Deja Vu: Aussie hackers loot Silk Road 2 of $2.6 million in bitcoins

Barely a few months after the infamous online black market Silk Road was taken down, only to rise like a phoenix from the ashes as Silk Road 2, the site has been hacked.

Hackers have made off with approximately 4,400 bitcoins worth $2.6 million from Silk Road 's escrow account. The site's administrators blamed a "transaction malleability" or a vulnerability in the virtual currency itself. The bitcoins belonging to Silk Road 2 staff and users were temporarily vulnerable when the site was being upgraded.

"We have been hacked. Nobody is in danger, no information has been leaked, and server access was never obtained by the attacker. Our initial investigations indicate that a vendor exploited a recently discovered vulnerability in the Bitcoin protocol known as "transaction malleability" to repeatedly withdraw coins from our system until it was completely empty. Despite our hardening and pentesting procedures, this attack vector was outside of penetration testing scope due to being rooted in the Bitcoin protocol itself," wrote moderator Defcon on the Silk Road forum per DeepDotWeb.

According to Defcon, two Australians (going by the handle LethalWeapon and mrkermit) and a French national, who used six vendor accounts (narco93, ketama, riccola, Germancoke, napolicoke and smokinglife), may have hacked the site by exploiting the bug to empty Silk Road 2's escrow account of the funds. The two Aussies are suspected of stealing 2.5 percent of the total bitcoins, whereas the French user is believed to have made off with the remainder. The three suspected hackers allegedly knew each other.
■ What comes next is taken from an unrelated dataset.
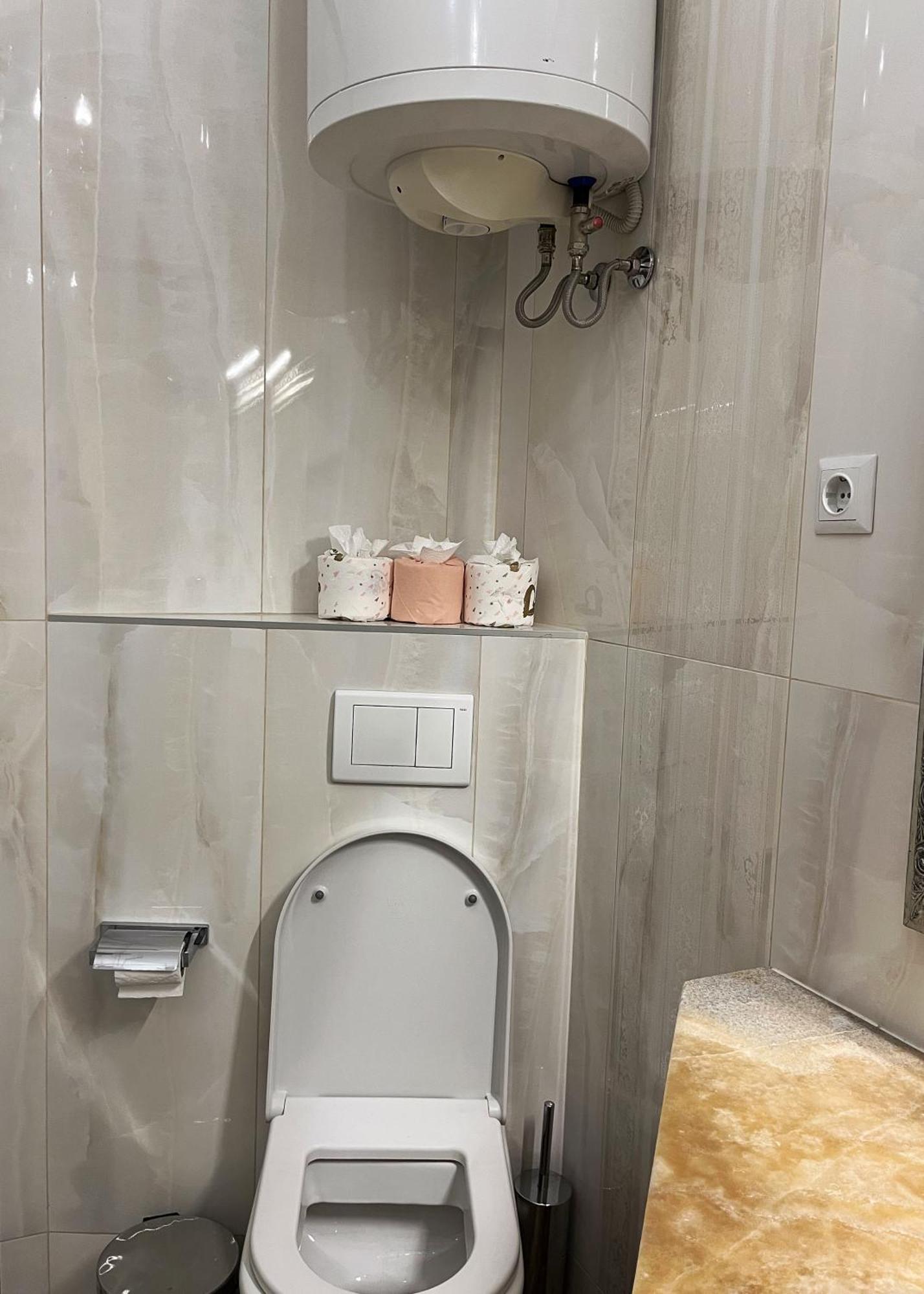 Main Street Retreat Apartment With Free Parking Сараево Экстерьер фото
While Silk Road 2 administrators say that thieves have taken advantage of the bug in the virtual currency, others opine that the hacking may have been an inside job.

Defcon, however, is optimistic and hopes that the hackers will return the bitcoins.

"Given the right flavor of influence from our community, we can only hope that he will decide to return the coins with integrity as opposed to hiding like a coward," wrote the moderator.

Silk Road 2 seems to have learned a lesson the hard way and Defcon revealed that the site will implement stringent measures to counter future vulnerabilities.

"Multi-signature transactions are the only way this community will be protected long-term. I am aggressively tasking our devs on building out multi-sig support for commonly-used bitcoin clients," he said.

After news of the hacking on Thursday, February 13, the price of BTC dived by 50 points.